- Country: Australia
- Language: English
- Genre: Humour

Publication
- Published in: The Bulletin
- Publication type: Periodical
- Media type: Print
- Publication date: 19 December 1891

= The Cast-Iron Canvasser =

Short story by A. B. "Banjo" Paterson

"The Cast-Iron Canvasser" is a humorous short story by Banjo Paterson. It was first published in the 19 December 1891 issue of The Bulletin, and later included in the author's short story collection, Three Elephant Power and Other Stories, and in many short story anthologies.

==Plot summary==
It tells of a mechanical book-seller, built to overcome the treatment given to travelling salesmen by residents of the outback, which attempts to sell an atlas to a giant Scot named MacPherson.

==Further publications==
- Three Elephant Power and Other Stories by Banjo Paterson (1917)
- The Herald, 17 May 1934
- Short Stories of Australia : The Lawson Tradition edited by Douglas Stewart (1967)
- Best Australian Short Stories edited by Douglas Stewart and Beatrice Davis (1971)
- Banjo Paterson : Short Stories by Banjo Paterson (1980)
- The Bulletin, 29 January 1980
- Futuristic Tales, December 1980
- The Bulletin, 22–29 December 1981
- Singer of the Bush, A. B. (Banjo) Paterson : Complete Works 1885–1900 edited by Rosamund Campbell and Philippa Harvie (1983)
- My Country : Australian Poetry and Short Stories, Two Hundred Years edited by Leonie Kramer (1985)
- The Bulletin, 31 December 1985
- A. B. 'Banjo' Paterson : Bush Ballads, Poems, Short Stories and Journalism edited by Clement Semmler (1992)

The story was also translated into German in 1984.

==Critical reception==
A reviewer in The Sydney Morning Herald said it is a "broadly farcial" story "in which the fun waxes fast and furious, and even where the comedy is less uproarious the author indulges his vein of quiet humour very effectively."

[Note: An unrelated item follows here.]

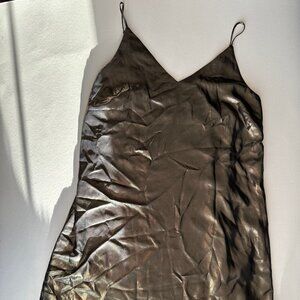 Aritzia Wilfred Stunning Gold Slip Dress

In The Canberra Times Maurice Dunlevy called the story "not only one of the best examples in our literature of that familiar form of the tall tale, the remarkable invention story, but is also one of Paterson's best remembered."

==Notes==
The depiction of the mechanical book-seller has led some critics to label this as story as an early example of steampunk.